[CWB] CWB or other: does it meet the needs?

Sun Apr 20 18:00:36 CEST 2008

Dear Pedro,

sorry for the late reply ... as you can see, we're still a rather  
small group on this list and it's usually fairly quiet when people  
are too busy to check the list.

 From your detailed list of requirements, I suspect that you're  
really looking for a commercial off-the-shelf solution. Modern  
relational databases (like Oracle) offer fairly sophisticated full- 
text search and have converters for all the file formats you mention.  
I don't think you would be able to perform POS and lemma queries in  
such a database, though. You might also be able to get a special  
service from the Sketch Engine adapted to your requirements. I  
suppose that both options would cost you a few thousand euros a year,  
but that's just a wild guess.

The Corpus Workbench does in principle support all your query  
requirements, but it is a specialised indexing and corpus query  
engine. It does not include any of the other components you might  
want in a corpus environment (perhaps you've been mislead into  
thinking that because of its name): there are no input converters for  
different file formats, no GUI or Web interface, no database  
integration, no collocation feature etc. You will have to build such  
an environment yourself around the query engine.

The input format for the CWB is text files in one-word-per-line form,  
with linguistic annotations (typically POS and lemma) as additional  
TAB-delimited fields and XML tags for basic structural annotation on  
separate lines. If you can convert your corpus data to this format  
(i.e. convert .doc and .html to plain text, tokenise it, annotate  
with part-of-speech tags and add lemmas from your lemmatiser), then  
you can easily read it into the CWB and query it with CQP.

Of course, a number of groups have implemented Web interfaces /  
environments for their own purposes, or are working on such  
solutions. Most of these people are willing to share their code, but  
they cannot offer a complete off-the-shelf solution or a technical  
support hotline.

It might be a good idea to post your question on the corpora list --  
they will give you more details on Sketch Engine and other commercial  
options, and someone might know about an open-source system that  
meets your needs.

Kind regards,
Stefan Evert

> First of all, I'm very sorry if this kind of text is not to put in  
> this forum…
>
> I belong to the Linguistics Center of the University of Lisbon  
> (CLUL) which is a department of interdisciplinary research,  
> training and scientific promotion, integrated in the University of  
> Lisbon, in direct dependence of the Faculdade de Letras.
>
> I will briefly describe the corpora that we have compiled and the  
> queries that we want to be able to run, asking you a big favour:  
> can you tell me, with your long experience, which is the best  
> database and interface that demands our needs?
>
> Our corpus is around 350M words (2,5 M spoken) and consists of a  
> monitor corpus (in the sense of John Sinclair).
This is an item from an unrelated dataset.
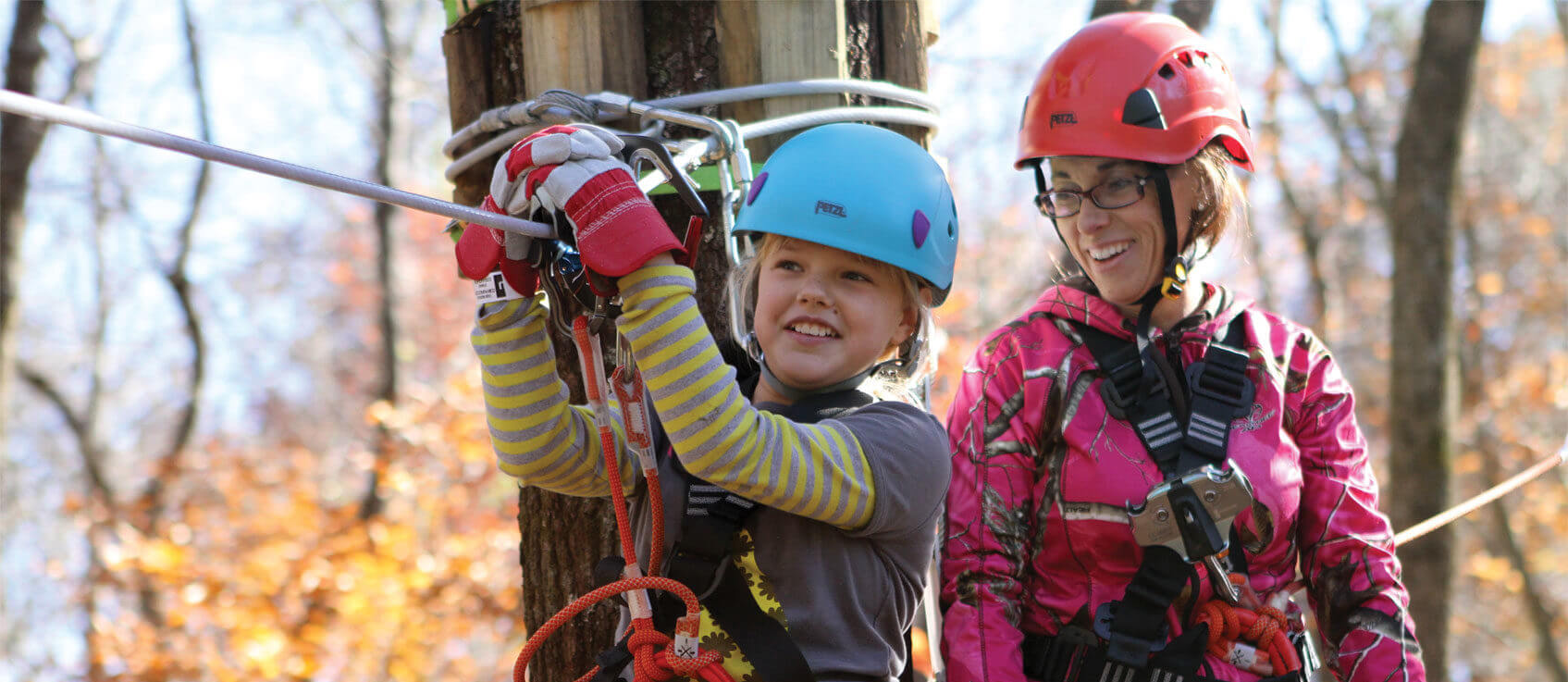 mother daughter zipline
We collect all the  
> materials that we find available into this corpus without aiming  
> for balance and representativeness. Based on this monitor corpus,  
> we have designed some smaller corpora that are variety or genre  
> specific and a 50M words balanced corpus. A subpart of our corpus  
> (1M) has been automatically tagged (POS) and revised. You do not  
> have a syntactically or semantically annotated corpus for the  
> moment, but it could be a development of the already existing  
> tagged corpus.
>
> Does the database query engine requires the indexation of the corpus?
> If so, is there any requirement on the files format?
> Our corpus is being compiled since the 70s, so the files are in  
> very different formats (from txt, doc, to html, and others) and we  
> need to assure that any corpus management and query software can  
> process different file formats. We also want to assure a software  
> that accommodates a large amount of files, without requiring to put  
> all the files together in a single one. We would also need to know  
> if the system requires the data to be tokenized and, if so, if it  
> incorporates this facility.
> We have been using software designed at our research center, but  
> the program is lacking important functionalities and also a user- 
> friendly quality interface, and this leads us to seek other options  
> of corpus management and exploitation. We want a program which can  
> be used either internally for our research staff so as to manage  
> and search the corpus, as well as externally to give access to the  
> corpus through our webpage.
>
> The corpus users (either internally or externally via the web) must  
> first have the possibility to design the subcorpus over which they  
> want to run the search based on several fields like written,  
> spoken, tagged, newspaper, fiction, and even more specific searches  
> like an author or all authors that were born in the XIX century. A  
> 50M words balanced corpus will also be available if the user wishes  
> to use a pre-designed corpus.
>
> After designing or selecting the corpus, the user will define the  
> search. Besides the usual queries (frequencies and concordances of  
> words, part of words, regular expressions…, sort…), we would like  
> to know if the system would allow for queries on POS tags (we have  
> different tagsets for different corpora). Another question regards  
> lemmatisation: would it be possible to integrate our lemmatiser in  
> the system in order to search for lemmas (based on our lemmas/word  
> forms database)?
>
> We have done some work on collocations for Portuguese based on a  
> 50M word corpus and we would find interesting to be able to  
> integrate this search into the possible queries. Our software  
> extracts n-grams from the corpus and sorts the results according to  
> the Mutual Information values. Would it be possible?
>
> In what concerns the response times, we believe it would be  
> strongly dependent on the corpus designed by the user. For external  
> queries, we will have to limit the corpus size to be queried since  
> 350M words would probably crash any query attempt on the internet  
> (we have an indexed 11M words corpus available for online queries  
> right now and it does fine as long as no sorting and no lemma query  
> is asked for). For internal queries that may be complex, no time  
> limit is to be established, but for online queries, 10 seconds is  
> probably a good time.
>
> I hope this gives you a precise idea of our objectives and on the  
> possibility of using any possible system for this purpose. If you  
> have some doubts about something, please contact me so I can  
> explain better our concerns.
>